Nice memories but no trade deal for Trump

US president's visit to New Delhi, ends with disappointment despite deepened defence ties

Photo: EPA Indian Prime Minister Narendra Modi (R) stands with US President Donald Trump on Tuesday after a meeting at Hyderabad House in New Delhi, India.

The President of the United States Donald Trump failed on Tuesday to strike a trade deal with India at the end of his two-day visit, which was big on photo opportunities but short on substance and overshadowed by deadly riots.

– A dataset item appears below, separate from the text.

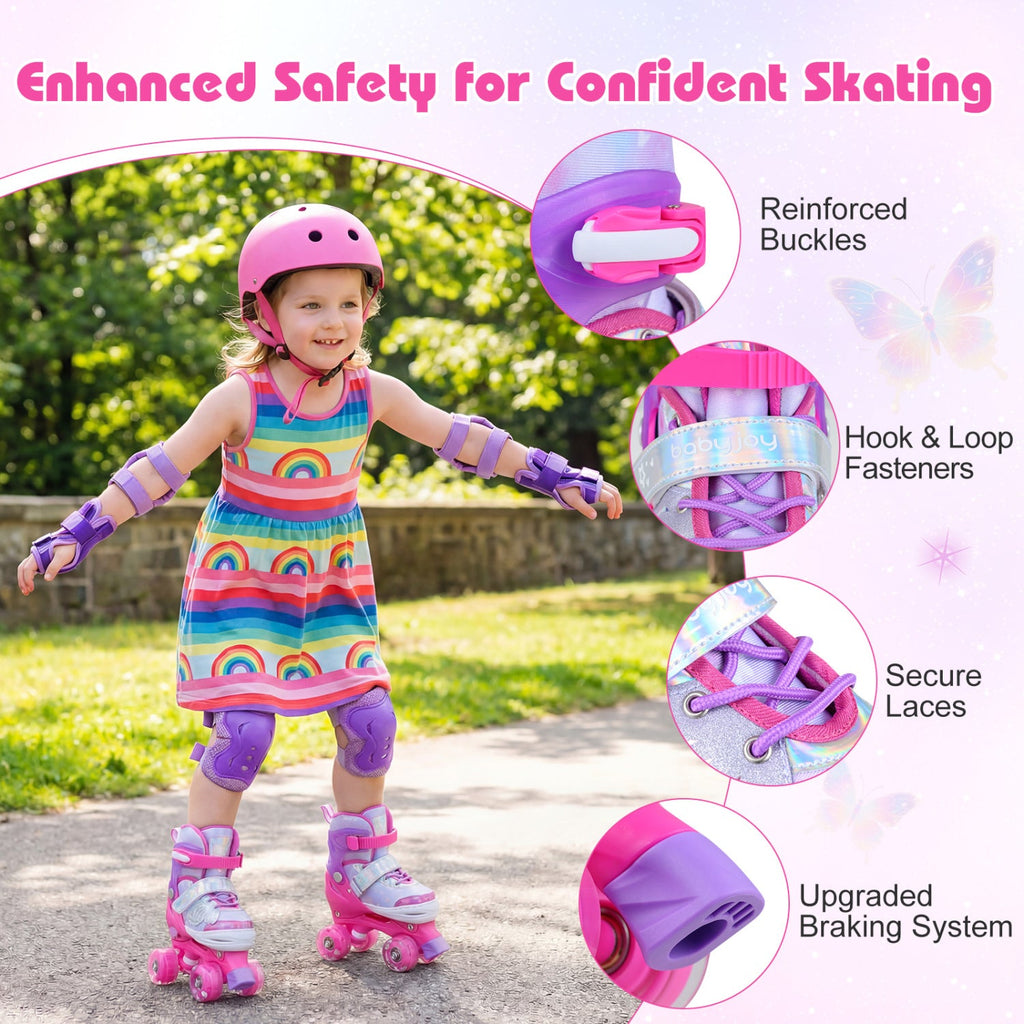 Kids Roller Skates for Toddlers Ages 5-7 with 4 Light-up Wheels-Pink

Speaking at the end of a short tour that saw him hold hands at the Taj Mahal with First Lady Melania and address a huge rally, Trump said only that they had made "tremendous progress" towards an accord - a statement later repeated by White House's press service.

"The United States has to be treated fairly and India understands that," the US president told a news conference along with Indian Prime Minister Narendra Modi, continuing that "if a deal happens with India, it will be towards the end of the year."

Modi also struck an optimistic note about a potential trade agreement, saying ties were expanding in spheres ranging from defence, the energy sector and information technology, and that a resurgent India would present new opportunities for the US. Calling the two countries "natural partners," Modi said they can help bring peace, progress and security not just in the Indo-Pacific region, but in the entire world.

"We are inspired by a long-term vision, not just short term considerations," Modi insisted.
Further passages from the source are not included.